Neural Network based algorithms generally fare well when lots and lots of data is available, but these models are so complex, they generally become a black box and lose the explainability that simpler models provide (for example, it is hard to understand why the model assigned a particular rating to a company). That’s where Deep Learning comes in. In the case of machine Learning, the algorithm needs to be told how to make an accurate prediction by providing it with more information, whereas, in the case of Deep Learning, the algorithm is able to learn that through its own data processing. It is similar to how a human being would identify something, think about it, and then draw any kind of conclusion.
What it means:
Deep Learning is essentially a multi-layer neural network that is employed to solve very complex computational problems. With advances in hardware, training techniques and available data, it has become possible to train neural nets with over five hidden layers – something that was impossible before.
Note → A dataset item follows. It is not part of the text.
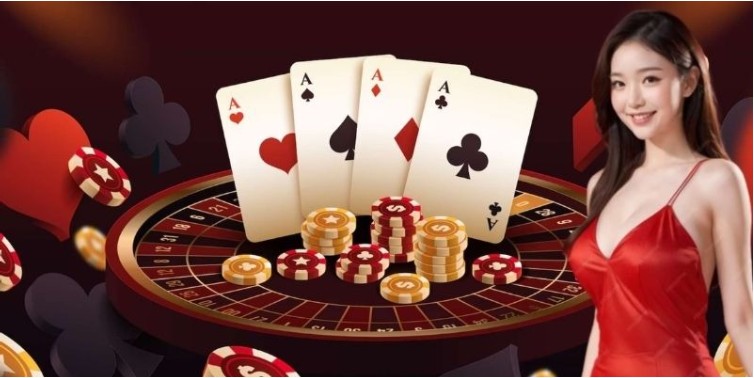 History of casino development in Macau Macau casinos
In the case of our example – credit rating – instead of determining the scenarios of low ratings in conventional ML, the Deep Learning approach will be able to sift through the various instances of low ratings and determine the patterns itself. This can be given a name post-facto by us in terms of the “scenario”, and then used to pre-screen companies as they come.
All of this cutting edge technology has exciting applications in Finance. We’re tracking them keenly, and as we work on more projects for other clients, we’ll keep this post updated, as well as write up new ones.